WHO report on virus deaths stalls
India objecting to estimate exceeding nation’s own count
An ambitious effort by the World Health Organization to calculate the global death toll from the coronavirus pandemic has found that vastly more people died than previously believed — a total of about 15 million by the end of 2021, more than double the official total of 6 million reported by countries individually.
But the release of the staggering estimate — the result of more than a year of research and analysis by experts around the world and the most comprehensive look at the lethality of the pandemic to date — has been delayed for months because of objections from India, which disputes the calculation of how many of its citizens died and has tried to keep it from becoming public.
More than one-third of the additional 9 million deaths are estimated to have occurred in India, where the government of Prime Minister Narendra Modi has stood by its own count of about 520,000. The WHO will show the country’s toll is at least 4 million, according to people familiar with the numbers who were not authorized to disclose them, which would give India the highest tally in the world, they said. The New York Times was unable to learn the estimates for other countries.
The WHO calculation combined national data on reported deaths with new
information from localities and household surveys, and with statistical models that aim to account for deaths that were missed. Most of the difference in the new global estimate represents previously uncounted deaths, the bulk of which were directly from COVID19; the new number also includes indirect deaths, like those of people unable to access care for other ailments because of the pandemic.
The delay in releasing the figures is significant because the global data is essential for understanding how the pandemic has played out and what steps could mitigate a
similar crisis. It has created turmoil in the normally staid world of health statistics — a feud cloaked in anodyne language is playing out at the United Nations Statistical Commission, the world body that gathers health data, spurred by India’s refusal to cooperate.

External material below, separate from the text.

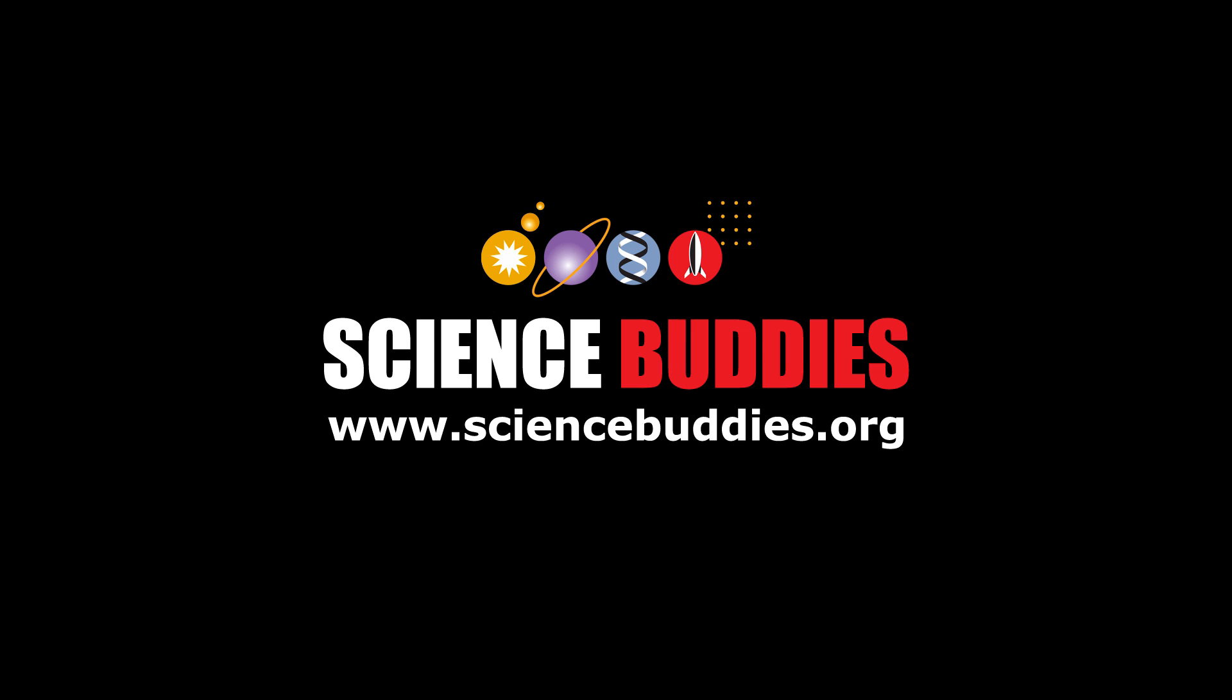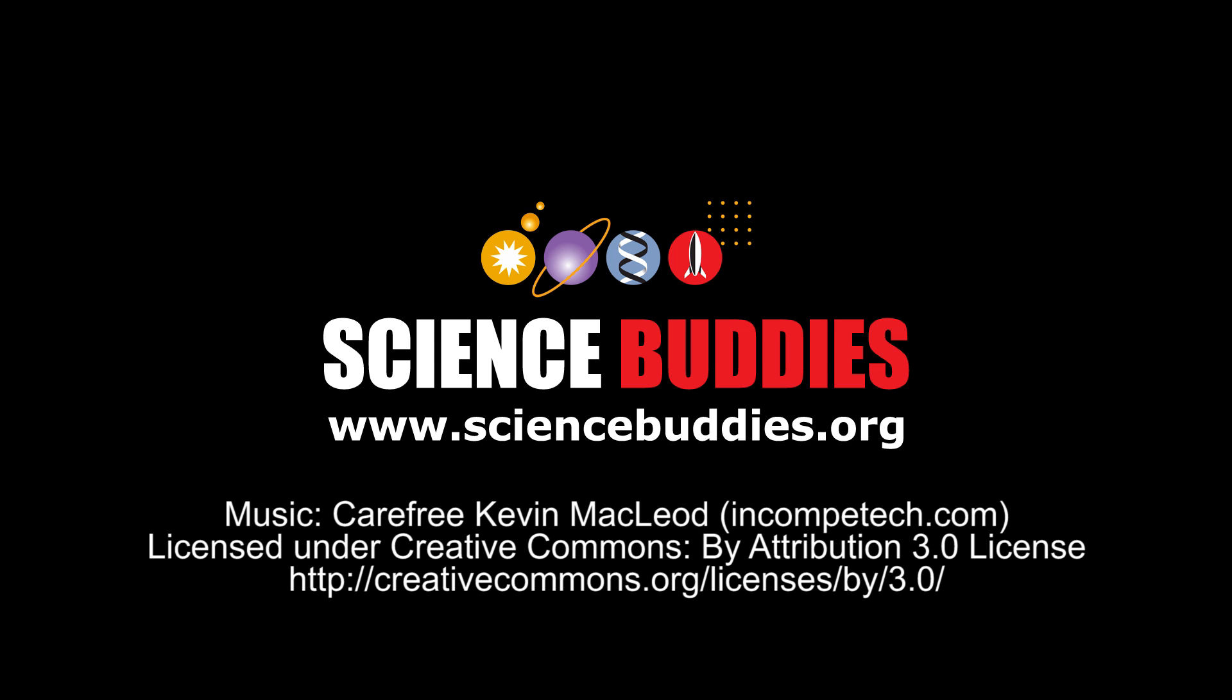For written directions for science projects and lesson plans you can do with the app, visit us online at www.sciencebuddies.org.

“It’s important for global accounting and the moral obligation to those who have died, but also important very practically. If there are subsequent waves, then really understanding the death total is key to knowing if vaccination campaigns are working,” said Dr. Prabhat Jha, director of the Center for Global Health Research
in Toronto and a member of the expert working group supporting the WHO’s excess death calculation. “And it’s important for accountability.”
To try to take the true measure of the pandemic’s effect, the WHO assembled a collection of specialists including demographers, public health experts, statisticians and data scientists. The Technical Advisory Group, as it is known, has been collaborating across countries to try to piece together the most complete accounting of the pandemic dead.

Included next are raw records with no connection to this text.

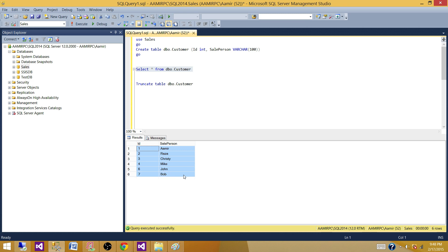Just one more point: as I explained at the start, make sure all the files have the same structure. If you have different structures or data saved on different sheets, this package is not going to work. To make this work, data must be on Sheet 1 for each file, and the column structure on all Excel files must be the same. Thanks very much for watching, and I'll see you in the next video.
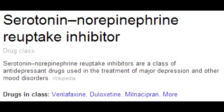Serotonin norepinephrine reuptake inhibitors. Name some of the drugs that are in the SNRI category. The drugs that are SNRIs include venlafaxine and duloxetine.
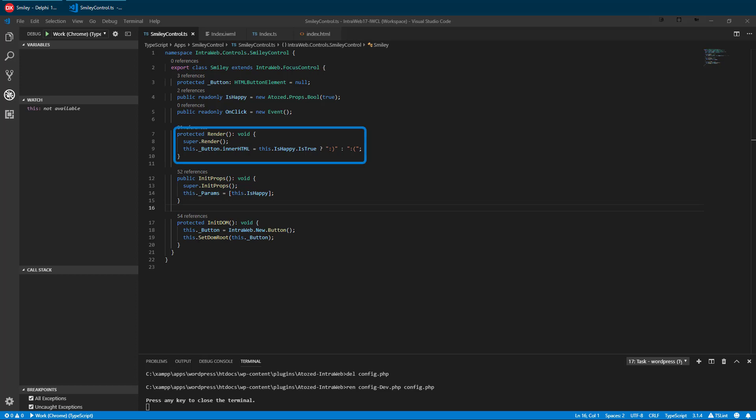The render method is where our logic goes. In the render method, we need to look at the exposed properties and update our control. In our case, we simply set the text of the button to a happy or a sad text emoticon. Now we are ready to test again.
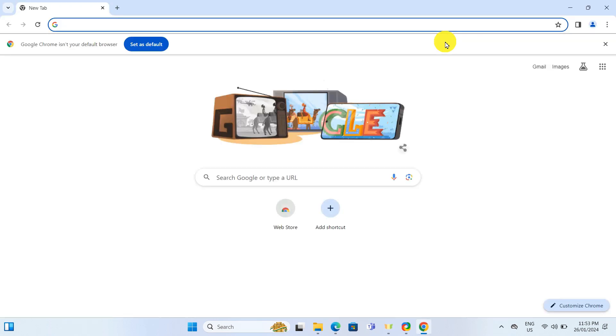After installation, Google Chrome will open automatically. And that's it. We now have Google Chrome installed on our computer.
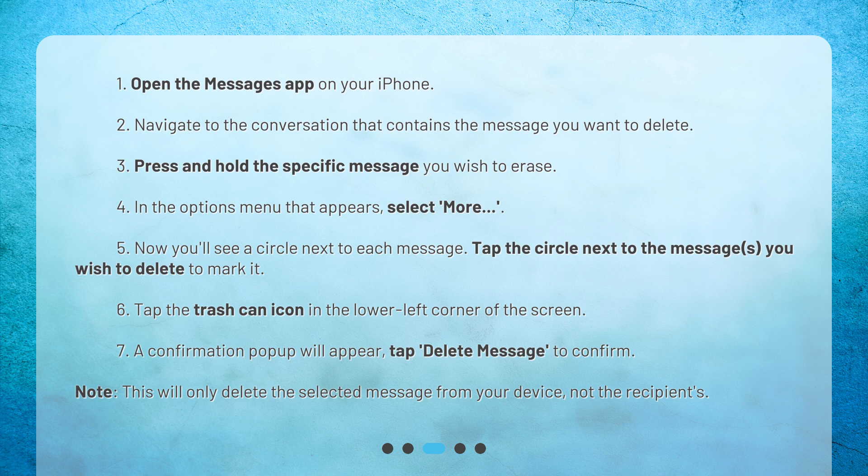5. Now you'll see a circle next to each message. Tap the circle next to the messages you wish to delete to mark it. 6. Tap the Trash Can icon in the lower left corner of the screen. 7. A confirmation pop-up will appear. Tap Delete Message to confirm.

The Times spoke with more than 10 people familiar with the data. The WHO had planned to make the numbers public in January, but the release has continually been pushed back.
Dr. Samira Asma, the WHO’s assistant director-general for data, analytics and delivery for impact, who is helping to lead the calculation, said that the release of the data has been “slightly delayed” but said that it was “because we wanted to make sure everyone is consulted.”
India insists that the WHO’s methodology is flawed.
“India feels that the process was neither collaborative nor adequately representative,” the government said in a statement to the U.N. Statistical Commission in February. It also argued that the process did not “hold scientific rigor and rational scrutiny as expected from an organization of the stature of the World Health Organization.”
The Ministry of Health in New Delhi did not respond to requests for comment.
India is not alone in undercounting pandemic deaths: The new WHO numbers also reflect undercounting in other populous countries such as Brazil and Indonesia.
India has not submitted its total mortality data to the WHO for the past two years, but the organization’s researchers have used numbers gathered from at least 12 states, including Andhra Pradesh, Chhattisgarh and Karnataka, which experts say show at least four to five times more deaths as a result of COVID19.
The numbers represent what statisticians and researchers call “excess mortality” — the difference between all deaths that occurred and those that would have been expected to occur under normal circumstances.
The WHO’s calculations include those deaths directly from COVID-19, deaths of people because of conditions complicated by COVID-19 and deaths of those who did not have COVID-19 but needed treatment they could not get because of the pandemic.
The calculations also take into account expected deaths that did not occur because of COVID-19 restrictions, such as those from traffic accidents.